An initial approach is to write a 1-1 mapping of these characters. However, during the simplification process, some characters were dropped or merged into one of the characters, most of the time with a simpler form. For example, 幹 (to do) and 乾 (dry) were merged into 干 whose meaning depends on the context (e.g. the word it forms, or order of characters to determine if it is a verb or an adjective). Therefore, this is at least a 1-n relationship.

However, it should be noted that all the dropped characters also have their own special meanings, sometimes close, sometimes vastly different. In fact, depending on the context, the character 乾 (aforementioned dry) here has another philosophical meaning from ancient Chinese literature, describing Heaven or a creative force. In this case, it is preserved as-is, unconverted. An example of this is in 隆, the name of a Chinese emperor. Furthermore, throughout the history of simplification, some of the characters supposed to be merged remained unchanged in the name of celebrities due to its distinctiveness. In some cases, a bespoke simplified version was created specifically to maintain such distinction.

Regional divergence in terminology: n words for n meanings

[edit]

As of now, it is clear that we need an n-n relationship of single characters. Unfortunately, this is still not the full picture. Since a lot of industries (e.g. Information Technology) have developed separately in these regions in past few decades, a considerable number of foreign words have started to be translated distinctly, resulting in separate orthographies for different regions. For example, computer RAM is translated as 内存 (lit. internal / inside + to store / to exist) in Mainland China. If we mapped it character by character to Traditional Chinese, it would be 內存 (notice the difference between 内 vs 內 as the first character). However, it is actually called 記憶體 in Taiwan. Using 內存 in Taiwan might cause confusion due to the pluricentric nature of Chinese.

It seems that a glossary list of these terms should be maintained. But what's worse is that, mappings of these words are also sometimes n-to-n relationships. To illustrate, table tennis is translated to 乒乓球 in all regions, and billiard is translated to 撞球 in Taiwan and 台球 in Mainland China, Hong Kong and Macau. But here's the catch. There is another word called 桌球, which transliterates to table ball. It refers to billiard in Hong Kong and Mainland China, but table tennis in Taiwan! Apparently, in source code, the meaning of 桌球 can only be inferred through the context, thus its conversion rule cannot be fit into a single glossary list.

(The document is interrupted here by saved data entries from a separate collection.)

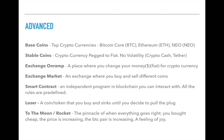Stable coins are usually pegged to fiat and don't have the volatility of cryptocurrency. Cryptocurrency can go up or down 50 to 100%, which is terrible if you're buying or selling things. A stable coin is just pegged to fiat, so whether or not cryptocurrency goes down, your stable coin is pegged to a fiat dollar.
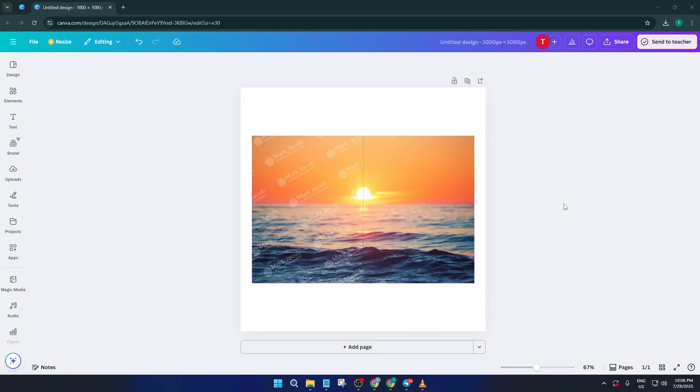Hey everyone, welcome back to the channel. Today I'm going to show you a super simple way to delete watermarks from your photos using Canva Pro.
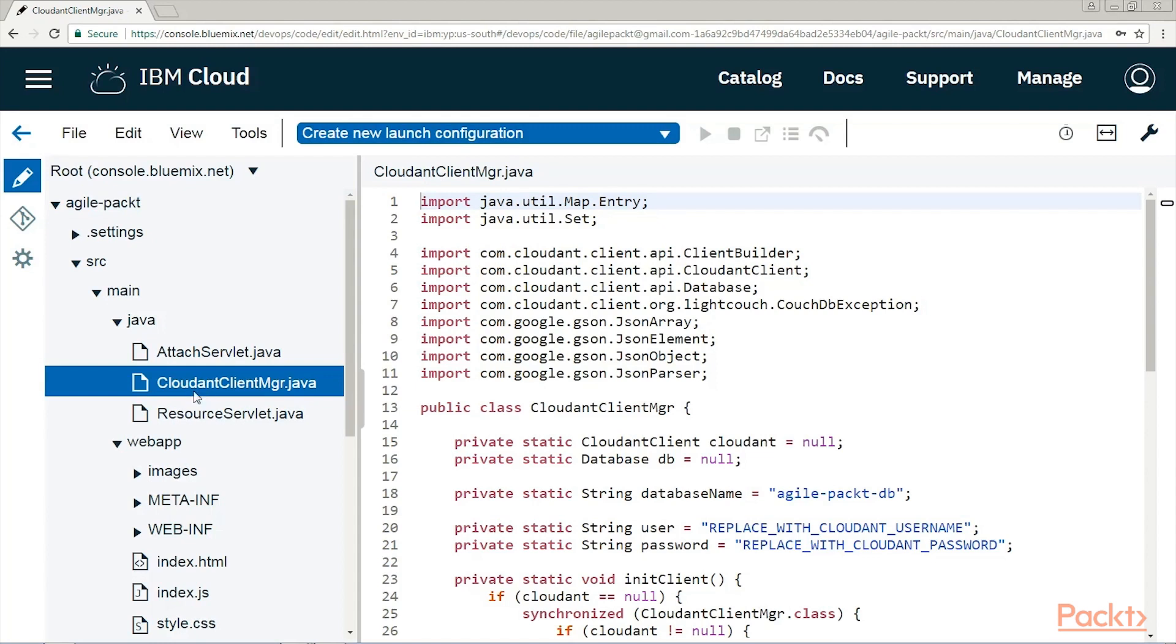Congratulations on successfully completing the Application Architecture and Eclipse Orion Web IDE video. We reviewed the architecture and baseline code that will implement our Minimum Viable Product, and all of that with the help of the Eclipse Orion Web IDE.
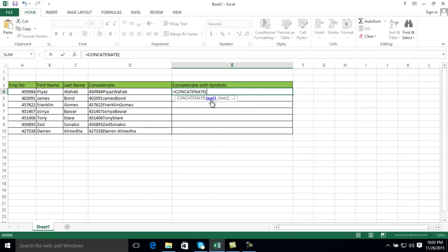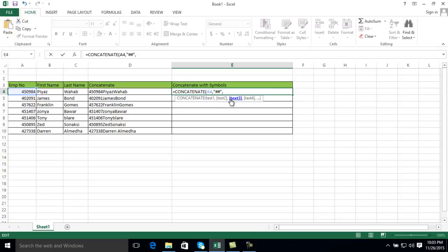It will ask for your first text field, click on it and then press the comma. Then you can give a second field or add any symbol — if you want to add a symbol, type two quotation marks and type the symbol you want in the middle. For example, assume I want to put two hashes. You can also add a third field or any symbol, like command letters, numbers, or any characters. At the last field, assume you also want to put some characters at the end.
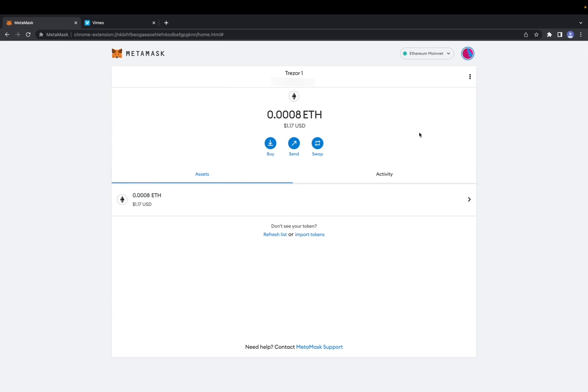If you want to be extra safe after using your hardware wallet on MetaMask, you're going to want to go right here and click remove account for precautionary measures.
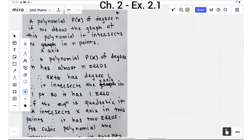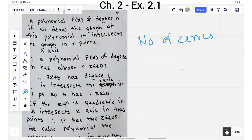Hello students, I am Madhuri from Yash classes. Today we are going to see exercise 2.1 of chapter Polynomial of class 10th. In this exercise we have to find the number of zeros using graph or graphical method. In my previous video we already discussed how to find the zeros of a polynomial from graph in the video on introduction to 2.1. But let us again revise in short how to find the zeros of a polynomial using graph.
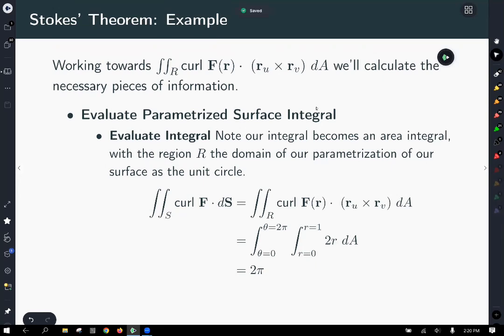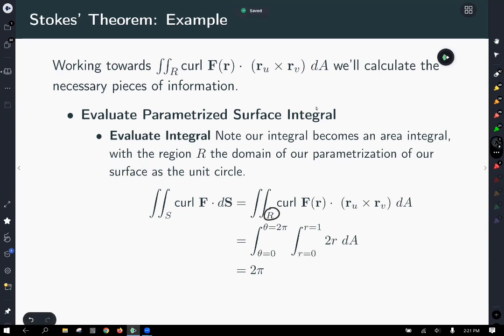With our integrand 2r and limits r from 0 to 1, θ from 0 to 2π: integrating 2r gives r², evaluated from 0 to 1 gives 1, and integrating over θ from 0 to 2π gives 2π. We're happy with that result because our line integral also worked out to be 2π — both sides of Stokes' Theorem agree.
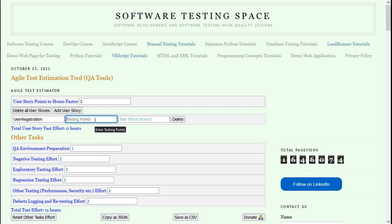Your team should have already estimated the user stories using Agile estimation techniques. Those user story points are for the complete user story development, testing, and deployment. So out of that, how much are the testing points?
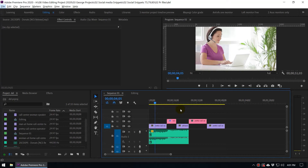Hey, what's up guys, this is Jack from NTVFX. In this video we are going to talk about copy and paste inside Adobe Premiere.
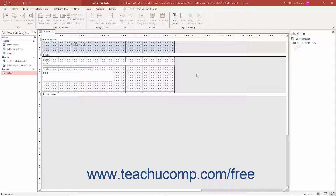In most forms in Access, you have controls you want to align in columns or rows. You may want to break up the form or report controls into different areas, or align a smaller group of controls within a form or report. You can align, space, and size selected controls easily in a form or report.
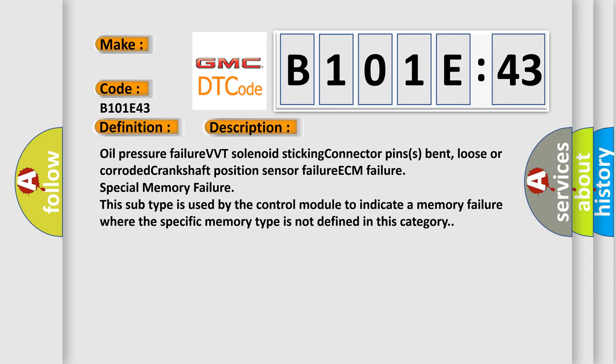Oil pressure failure, VVT solenoid sticking, connector pins bent loose or corroded, crankshaft position sensor failure, ECM failure, special memory failure. This subtype is used by the control module to indicate a memory failure where the specific memory type is not defined in this category.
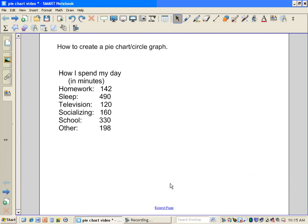Hi folks! Welcome to a video about how to create a pie chart, also known as a circle graph.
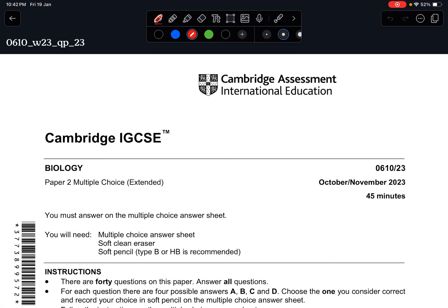Hey guys, welcome back to a new biology revision video. Today we are going to continue the series of the Cambridge IGCSE Biology Paper 2 multiple choice extended paper, the October/November 2023 series.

Comparison of translations across Chinese-speaking regions
Term Taiwan Mainland China Hong Kong & Macau
Table tennis 乒乓球
桌球 N/A
Billiard 撞球 桌球
台球

Special challenge: Chinese word boundaries and "over-conversion" trap

[edit]

You might think we’ve covered the major quirks of this natural language. Unfortunately we've overlooked the elephant in the room—Chinese doesn't have explicit word separators when written, therefore the conversion system might incorrectly regard characters across word boundaries as a single word!

One infamous example is 海内存知己 (lit. within the sea exist friends; fig. [if] you have a friend who knows your heart...), which is supposed to be segmented as 海内/存/知己 (lit. within the sea / exist / friends). It is a line of a famous ancient Chinese poem, thus should be converted word by word. However, as we discussed previously, 内存 together stands for RAM in Mainland China, which is converted to 記憶體 in technical context for the Taiwan variant. As the substitution is performed greedily, it would become 海/記憶體/知己 (lit. sea / RAM / friends), which is totally nonsensical! This is known as over-conversion (过度转换).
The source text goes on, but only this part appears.